SSML - Speech Synthesis Markup Language



SSML, the speech synthesis markup language, is a W3C standard - read all about it here:
https://www.w3.org/TR/speech-synthesis/

Think of it as the HTML for speech. Just as you would put a <b> tag around a word, to show it in bold letters, when rendered in a web browser, there is an <emphasis> tag in SSML, to emphasize a word, when it gets synthesized.

Just like HTML, SSML has a variety of tags and the essential role of the markup language is to provide a standard way to control aspects of speech such as pronunciation, volume, pitch, rate, etc. across different synthesis-capable platforms.

Now here is the problem, Apple never implemented SSML in OS X nor in the newer macOS as a standard and instead introduced their own proprietary “Embedded Speech Commands," to provide some control over how to synthesize content.


Using Mac2Speech to synthesize SSML encoded content.

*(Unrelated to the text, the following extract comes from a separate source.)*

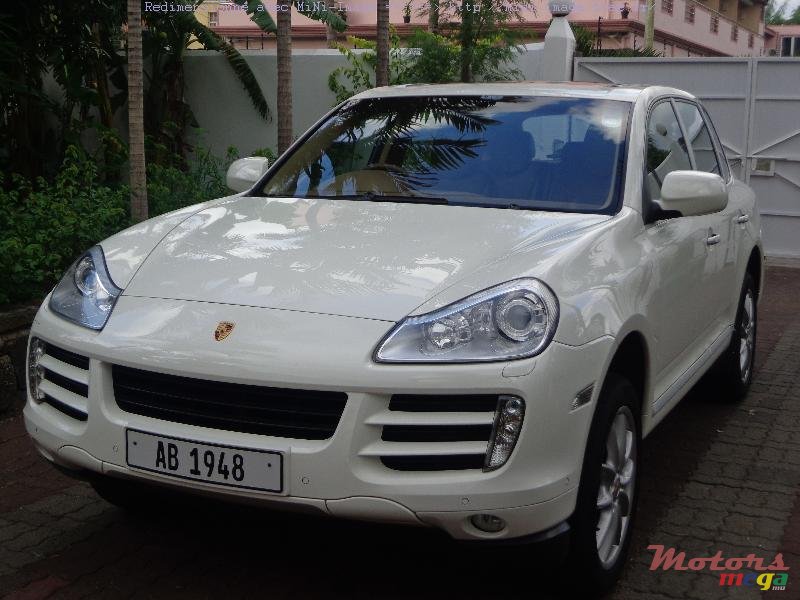 2008' Porsche Cayenne photo #1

Since Apple does not support SSML, you need to install new voices and synthesizers that support this W3C standard. We have identified
Cepstral as a provider for such components.
Once you have identified the voice(s) you like and downloaded / installed them on your Mac, you will find a new icon in your Mac’s System-Preferences. Clicking on this icon, brings up a dialog that should look something like this:

cepstral

You need to acquire a license from Central to use those voices and this is, where it gets complicated. Straight forward licensing allows you to only synthesize text into sound, without ever storing the content. However, this is not how Mac2Speech works. Remember that Mac2Speech not only needs to synthesize, but also to encode the highest possible quality of the synthesis into the MP3 standard.

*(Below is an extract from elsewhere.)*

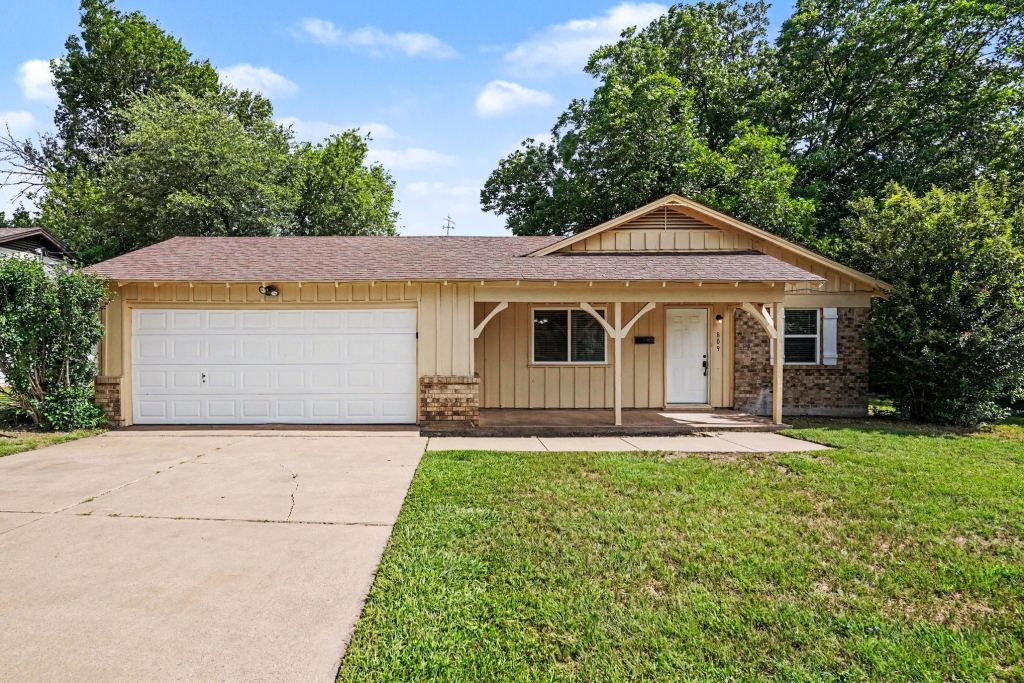 809 E Bovell Street, Crowley, TX 76036 — photo 1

To allow Mac2Speech to use Cepstral’s voices to synthesize SSML content, voices need to be licensed with the “Save to File for Mac OS X” license.
This is not an effortless process and will certainly require a lot of determination on your side. However, the end result might be worth it. To give you just a taste, here for instance is an SSML document.

SSML


<?xml version="1.0"?>
<speak xmlns="http://www.w3.org/2001/10/synthesis" xmlns:xsi="http://www.w3.org/2001/XMLSchema-instance" version="1.0" xsi:schemaLocation="http://www.w3.org/2001/10/synthesis http://www.w3.org/TR/speech-synthesis/synthesis.xsd" xml:lang="en-US">
That is a <emphasis> big</emphasis> car!
This is going to make a <emphasis level="strong"> huge</emphasis> impression.
</speak>

SSML - Synthesis


And here is what the synthesis sounds like:

ssml


Since version 3, Mac2Speech supports SSML, which I think is a huge deal, given that Apple stayed as far away from this standard as possible and we truly have to be thankful for voice providers like Cepstral to make this possible.